In this case, the original story line has an imperious or threatening Turkish despot capturing one or more Westerners. The Westerners naturally refuse to go along with the resulting slavery or servitude offer, risk violence or death, but somehow end up more or less happily ever after when the despot turns out to have at least a little bit of a soft spot in his heart.
Each cited opera uses some of the same key characters—Zaïde in Mozart’s take vs. Zaida in Rossini, Prince Selim in Rossini’s Turk vs. Pasha Selim Bassa in Mozart’s Abduction, the overseer Osmin in both Mozart’s Abduction and Zaïde but not in Rossini.
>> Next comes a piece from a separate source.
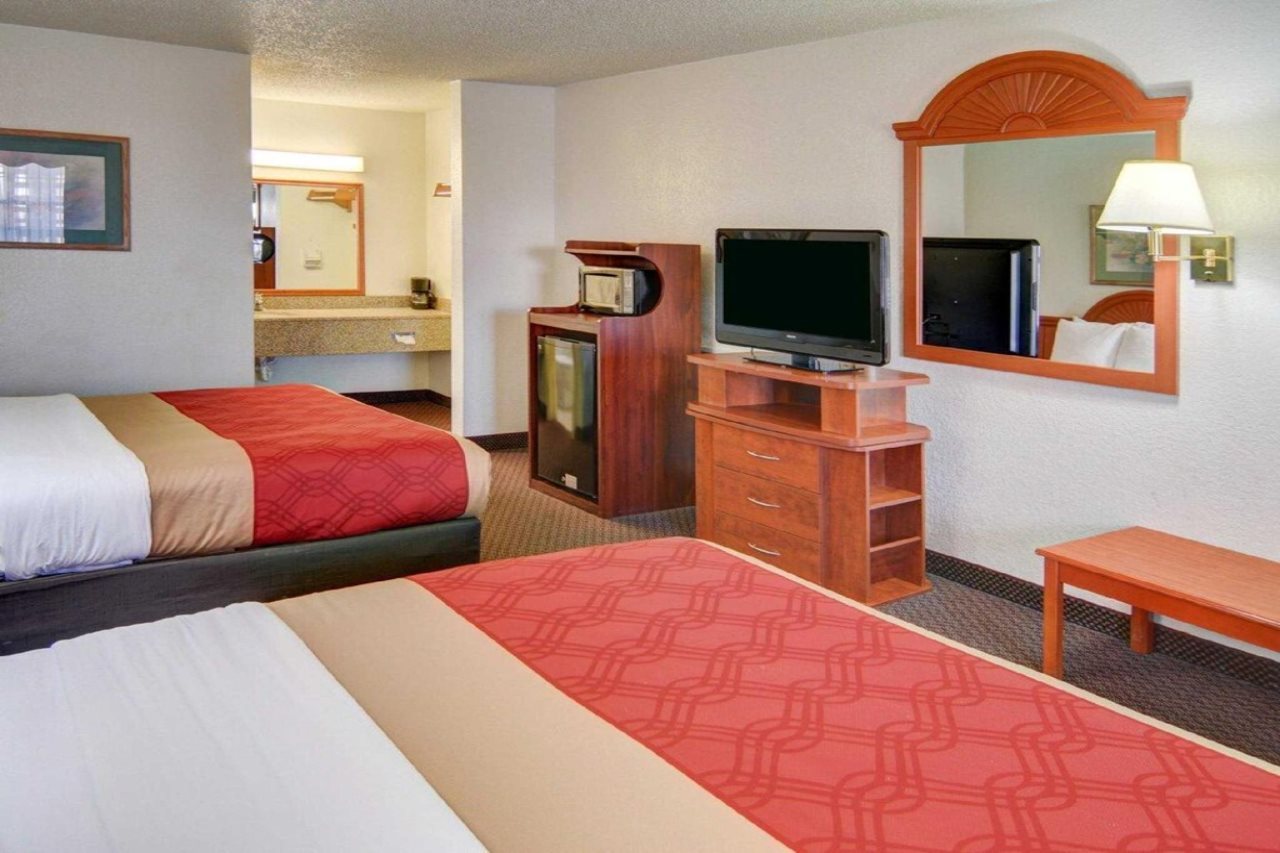 Super 8 by Wyndham Decatur Texas - photo 23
Yet the plots vary considerably.
Rossini’s opera, however, as staged in Wolf Trap’s intimate Barns through last Tuesday, has some additional baggage to deal with: the composer’s earlier and very popular L’Italiana in Algeri (The Italian Girl in Algiers) in which our spunky heroine, finding herself in extremis on Algeria’s distant shore, manages to reunite with her former lover while fleeing an Arabian harem.
Having enjoyed the social and monetary rewards of this success, Rossini returned to the same plot-well to create Turk in Italy. While not as much fun as L’Italiana, plot wise, this sequel (which actually uses different characters) is in some ways more intriguing. Its curious overture, while pure Rossini, is of a more serious character than is usually the case with this composer. And the opera itself, while lacking wall-to-wall party pieces for its singers to show off with, redeems itself with rich, brilliant, wall-to-wall ensemble numbers.
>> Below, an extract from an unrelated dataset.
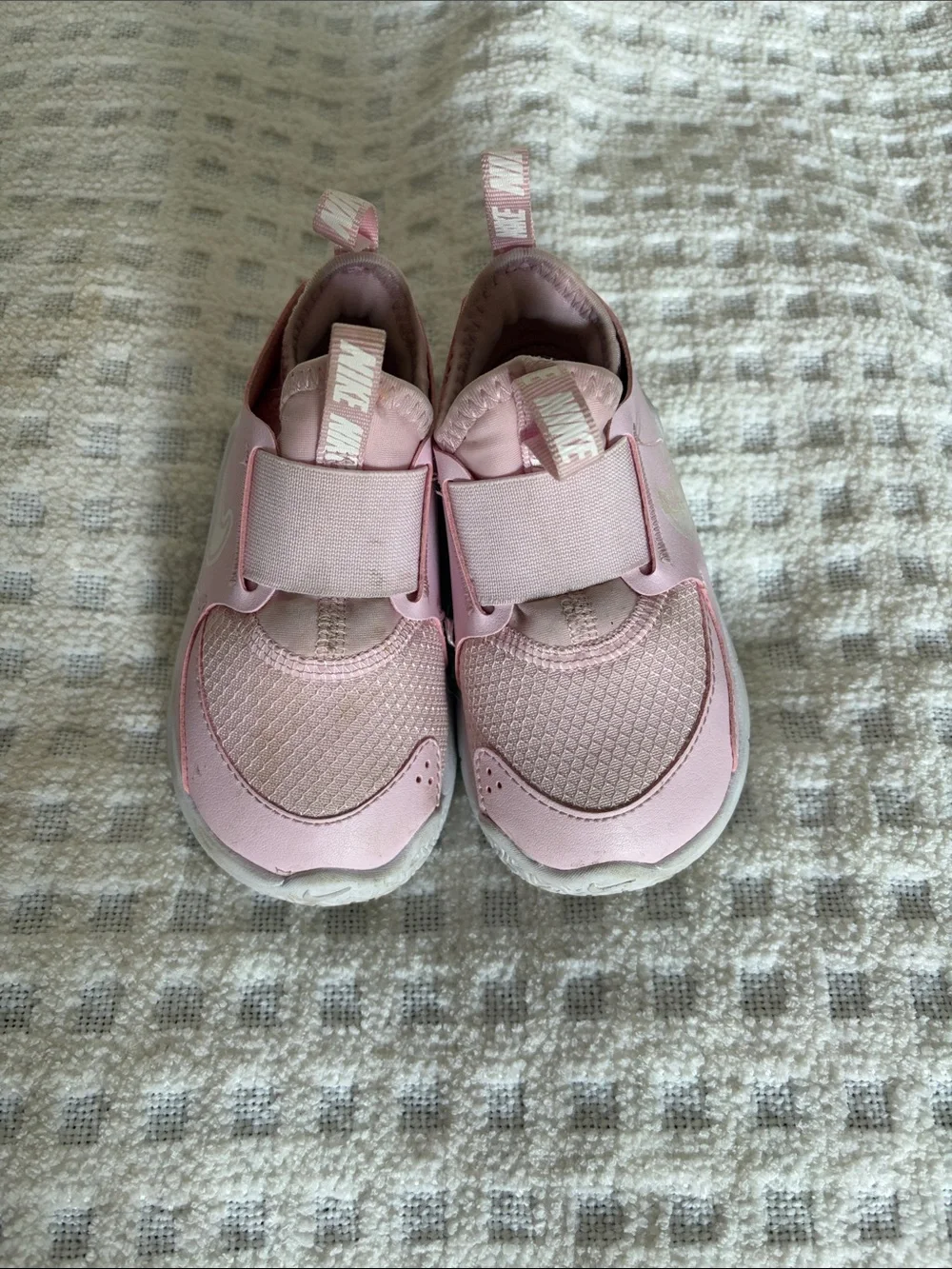 Nike Kids Pink Elastic Strap Sneakers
Rossini’s Turk flips the aforementioned story line on its head. Abandoning the foreign locale and the captivity motif, at least in spirit, it involves a visit to Italy by Turkish Prince Selim (Michael Sumuel) who seems to be in search of new scenery. This might include adding an exotic Western bride to spice up his stable back home. He soon fixes his attentions on sprightly bad girl Fiorella (Angela Mannino) who, inconveniently for them both, happens to already be married to the hapless Geranio [sic] (Michael Anthony McGee), an even wimpier husband/lover than Carmen’s Don José if that’s possible.
In fact, Fiorella’s so bad that she’s already carrying on with the aptly named Narciso, the handsome stud who’s already cuckolded Geranio before the opera begins. So she and Selim have to chuck these two guys to find true happiness—and would do so, except…drat! Selim runs into gypsy girl Zaida (Catherine Martin) who’d once become his affianced back home in Turkey. Since Selim’s not exactly impoverished or unattractive, Zaida works on getting him back, aided by the rest of the gypsies and her old friend Albazar (Nathaniel Peake), once Selim’s trusted counselor (as was the parallel Allazim in Zaïde.)
No point in relating more. The plot is actually a mess, though an intentional one. That’s because it isn’t really a plot. In a sort of 19th century anticipation of Luigi Pirandello’s 20th century absurdist drama Six Characters in Search of an Author, the entirety of Rossini’s Turk is actually sprouting from the mind of poet-librettist Prosdocimo (Chad Sloan) who’s trying to write a new stage work, reorganizing his “plot” as the characters develop.
In the end, as in almost all comic operas, the plot is merely a device to hold our interest while we listen to roughly three hours of Rossini’s enjoyably entertaining music.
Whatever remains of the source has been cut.